• **TASK ITEM**: Please return each entry that follows exactly as written, and keep the pictures out.

• **RECORDS FOR THE TASK**:
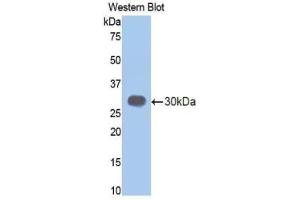 Western blot analysis of the recombinant protein. (Elastase 3B Antikörper  (AA 28-267))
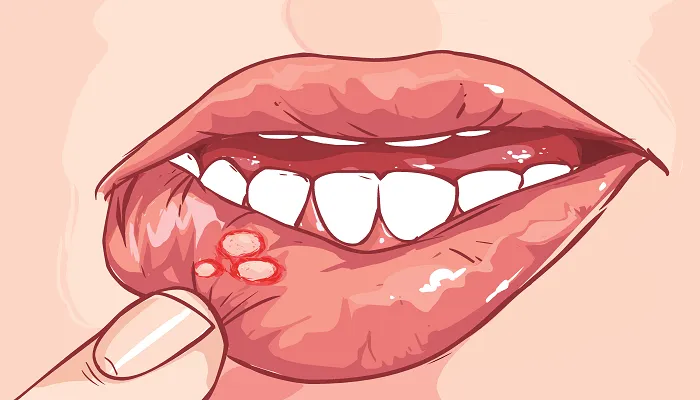 mouth ulcers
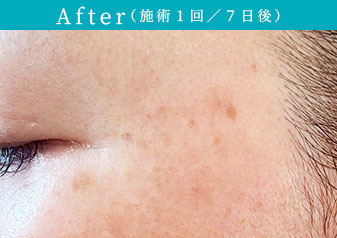 プラズマホワイト After（施術1回／７日後）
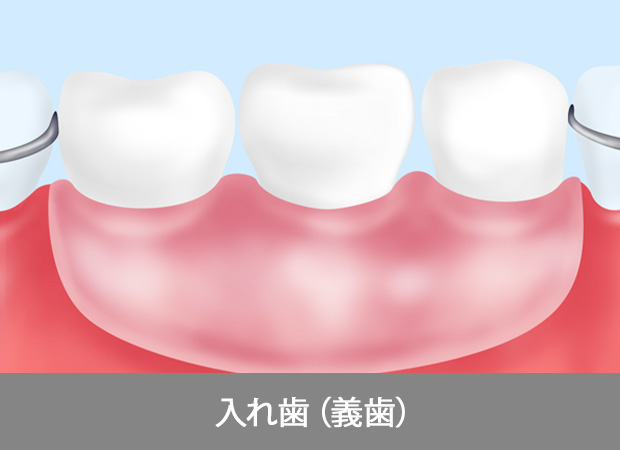 インプラント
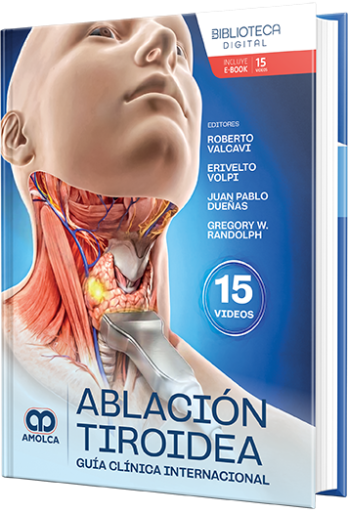 Ablación tiroidea. Guía clínica internacional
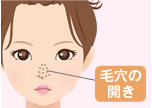 毛穴の開きを治したい！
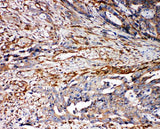 Anti-VRL1/TRPV2 Antibody Picoband® Boster Bio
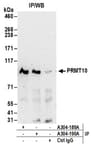 Detection of human PRMT10 by western blot of immunoprecipitates.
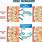 Spinal Surgery Types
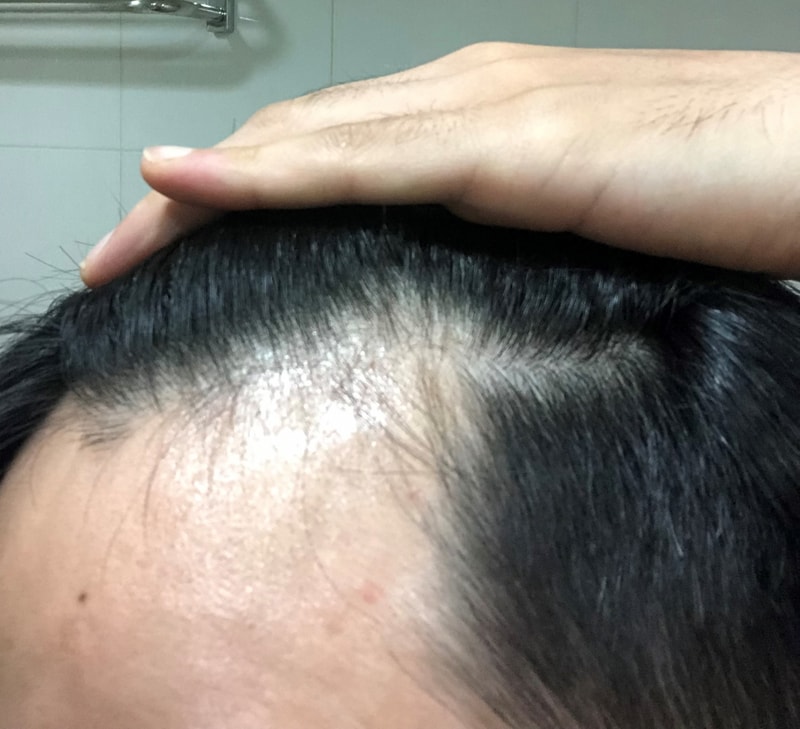 阿凡达+米诺西地尔5个月后期。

• **WRITTEN ANSWER**:
 Western blot analysis of the recombinant protein. (Elastase 3B Antikörper  (AA 28-267))
 mouth ulcers
 プラズマホワイト After（施術1回／７日後）
 インプラント
 Ablación tiroidea. Guía clínica internacional
 毛穴の開きを治したい！
 Anti-VRL1/TRPV2 Antibody Picoband® Boster Bio
 Detection of human PRMT10 by western blot of immunoprecipitates.
 Spinal Surgery Types
 阿凡达+米诺西地尔5个月后期。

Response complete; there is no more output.